Leaving A Doll's House: A Memoir

Katharine Whittamore reviews "Leaving A Doll's House: A Memoir" by Claire Bloom.

Published October 22, 1996 7:00PM (EDT)

Curious going, Claire Bloom's controversial new book. It's neither preening, like most celebrity biographies, nor is it particularly insightful, as a good memoir should be. Nonetheless, the subject matter -- Hollywood, the Old Vic, and particularly the purgatory of her experience with Philip Roth--propel you along. We learn of the actress' childhood during the Blitz, including the time the Luftwaffe dropped a circle of land mines around their shelter. So Bloom, her mother and brother--her father, whom she calls Eddie, was a ne'er-do-well who gambled away most of his paychecks--flee to Fort Lauderdale, to wait out the war with mah-jongg-obsessed relatives. There, little Claire wins a singing contest.

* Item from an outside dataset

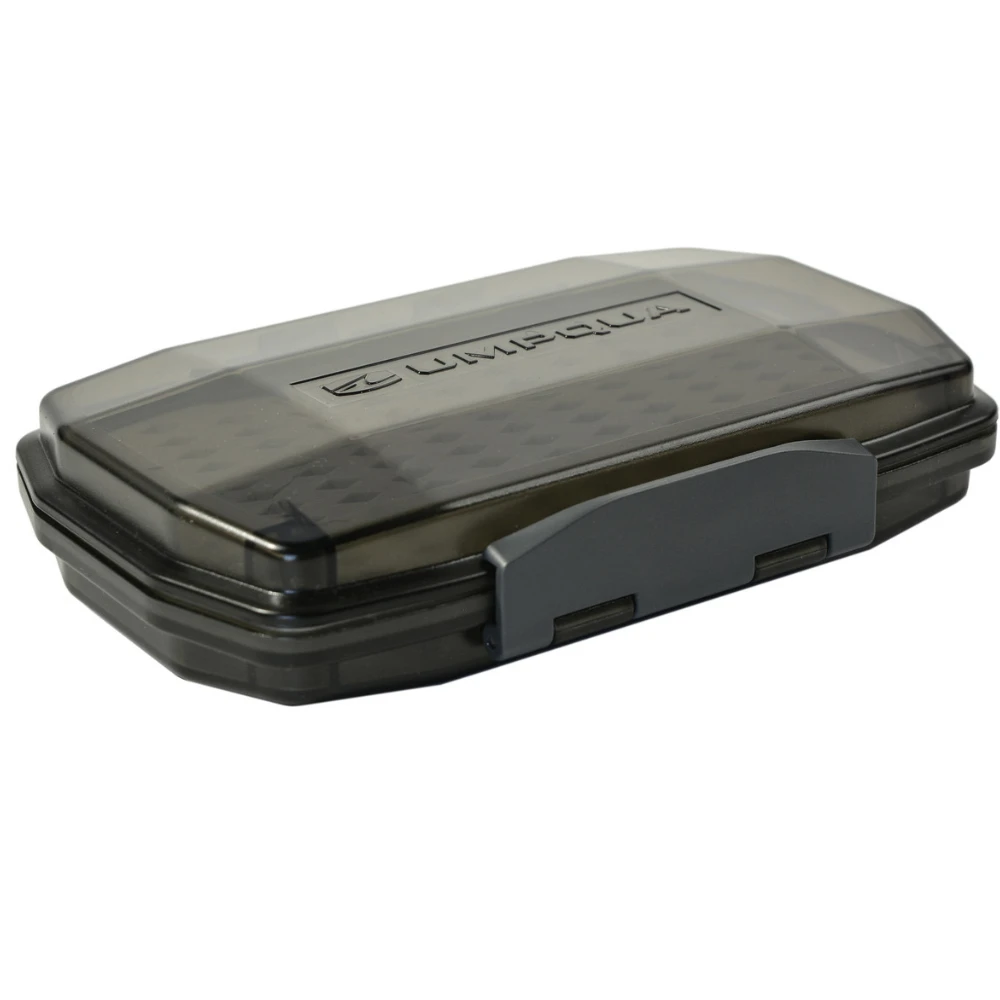 UMPQUA HD FLY BOX MEDIUM - Image 2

After V-E Day, things happen quickly for her: she enrolls in a British performing arts school, falls for Richard Burton in a Gielgud-directed "The Lady's Not for Burning" ("my first--my greatest--love, the only man to whom I have fervently and completely given all of myself"), loses the role of Ophelia to Jean Simmons in Olivier's filmed "Hamlet," and begins her career on the London stage. Charlie Chaplin hears of the 19-year-old talent, and casts her opposite him in "Limelight." She's so young, he literally acts out her part and, "I, obedient and captivated acolyte, would obey and copy everything he did."

Affairs are promenaded. On Olivier, during the shoot for "Richard III": "It was the fascination of the rabbit to the snake ... I was never remotely in love with him." On Yul Brynner, when she was lonely in Hollywood: "Peering deeply into my eyes, Yul would say to me: 'You are my people.' I didn't have the slightest idea what he meant, but I loved it anyway." On Anthony Quinn, during a botched Tennessee Williams play: he "proceeded then to seduce me, and I complied. My mistake, his power trip."

After Quinn, Bloom finds safe harbor in marriage to Rod Steiger--she got pregnant with their daughter Anna, and he did the honorable thing. From there it's marriage number two to megalomaniacal producer Hilliard Elkins, so disliked by Anna he is nicknamed "The Unmentionable." After that comes Roth, who reads like such a mind-game spinning brute, he fairly blisters the pages. They're certainly a pair--she fears abandonment and he fears smothering. Bloom's pal Gore Vidal proved prescient: "'You have already had Portnoy's complaint,' proclaimed Vidal firmly, referring of course to my marriage to Elkins. 'Do not involve yourself with Portnoy.'"

Of course she does, for 17 years, and a third of the book. Someone with more self-knowledge would have left long before. That someone would also have written a more trenchant, less gauzy book.